_Exercise_
Where does the word "Foto" appear in the entries below? Copy each line that holds it.

[Available records]

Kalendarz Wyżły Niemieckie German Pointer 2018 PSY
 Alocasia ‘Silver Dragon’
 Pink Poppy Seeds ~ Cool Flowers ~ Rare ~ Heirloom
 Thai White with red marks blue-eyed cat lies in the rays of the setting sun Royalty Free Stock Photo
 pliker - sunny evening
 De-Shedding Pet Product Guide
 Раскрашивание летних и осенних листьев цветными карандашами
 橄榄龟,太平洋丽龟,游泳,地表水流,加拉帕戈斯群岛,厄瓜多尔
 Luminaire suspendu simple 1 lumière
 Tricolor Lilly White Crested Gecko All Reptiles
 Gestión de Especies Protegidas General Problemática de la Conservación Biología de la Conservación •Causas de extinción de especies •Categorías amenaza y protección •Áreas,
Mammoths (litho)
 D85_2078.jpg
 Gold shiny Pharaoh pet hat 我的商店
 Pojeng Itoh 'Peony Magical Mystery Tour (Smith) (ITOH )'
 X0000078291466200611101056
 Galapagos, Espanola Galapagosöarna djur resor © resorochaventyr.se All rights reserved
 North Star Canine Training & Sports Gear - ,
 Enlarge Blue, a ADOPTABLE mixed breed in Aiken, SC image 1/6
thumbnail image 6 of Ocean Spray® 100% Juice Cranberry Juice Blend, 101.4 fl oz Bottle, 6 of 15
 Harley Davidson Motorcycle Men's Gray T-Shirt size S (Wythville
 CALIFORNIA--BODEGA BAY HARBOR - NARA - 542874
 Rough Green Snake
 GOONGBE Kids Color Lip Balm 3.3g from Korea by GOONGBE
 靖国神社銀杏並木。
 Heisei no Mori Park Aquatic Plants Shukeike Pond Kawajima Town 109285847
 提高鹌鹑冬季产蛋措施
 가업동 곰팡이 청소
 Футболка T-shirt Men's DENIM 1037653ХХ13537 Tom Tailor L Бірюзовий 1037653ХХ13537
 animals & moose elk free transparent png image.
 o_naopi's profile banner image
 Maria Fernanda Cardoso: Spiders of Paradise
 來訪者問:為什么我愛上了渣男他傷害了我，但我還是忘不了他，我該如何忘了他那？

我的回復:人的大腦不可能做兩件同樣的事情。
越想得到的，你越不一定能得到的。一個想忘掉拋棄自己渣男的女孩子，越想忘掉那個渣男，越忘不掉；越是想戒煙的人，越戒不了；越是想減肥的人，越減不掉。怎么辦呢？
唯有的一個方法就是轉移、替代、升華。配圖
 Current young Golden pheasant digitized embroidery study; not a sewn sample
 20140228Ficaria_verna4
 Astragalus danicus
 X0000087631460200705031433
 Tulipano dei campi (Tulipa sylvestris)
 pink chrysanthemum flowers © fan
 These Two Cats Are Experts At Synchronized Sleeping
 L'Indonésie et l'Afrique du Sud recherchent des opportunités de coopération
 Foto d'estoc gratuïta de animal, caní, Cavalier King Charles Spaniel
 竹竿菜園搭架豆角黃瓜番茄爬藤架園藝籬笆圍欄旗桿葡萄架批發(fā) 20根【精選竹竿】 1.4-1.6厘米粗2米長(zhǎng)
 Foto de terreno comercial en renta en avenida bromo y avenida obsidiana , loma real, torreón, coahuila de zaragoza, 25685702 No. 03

[/Available records]

_Your response_
 Foto d'estoc gratuïta de animal, caní, Cavalier King Charles Spaniel
 Foto de terreno comercial en renta en avenida bromo y avenida obsidiana , loma real, torreón, coahuila de zaragoza, 25685702 No. 03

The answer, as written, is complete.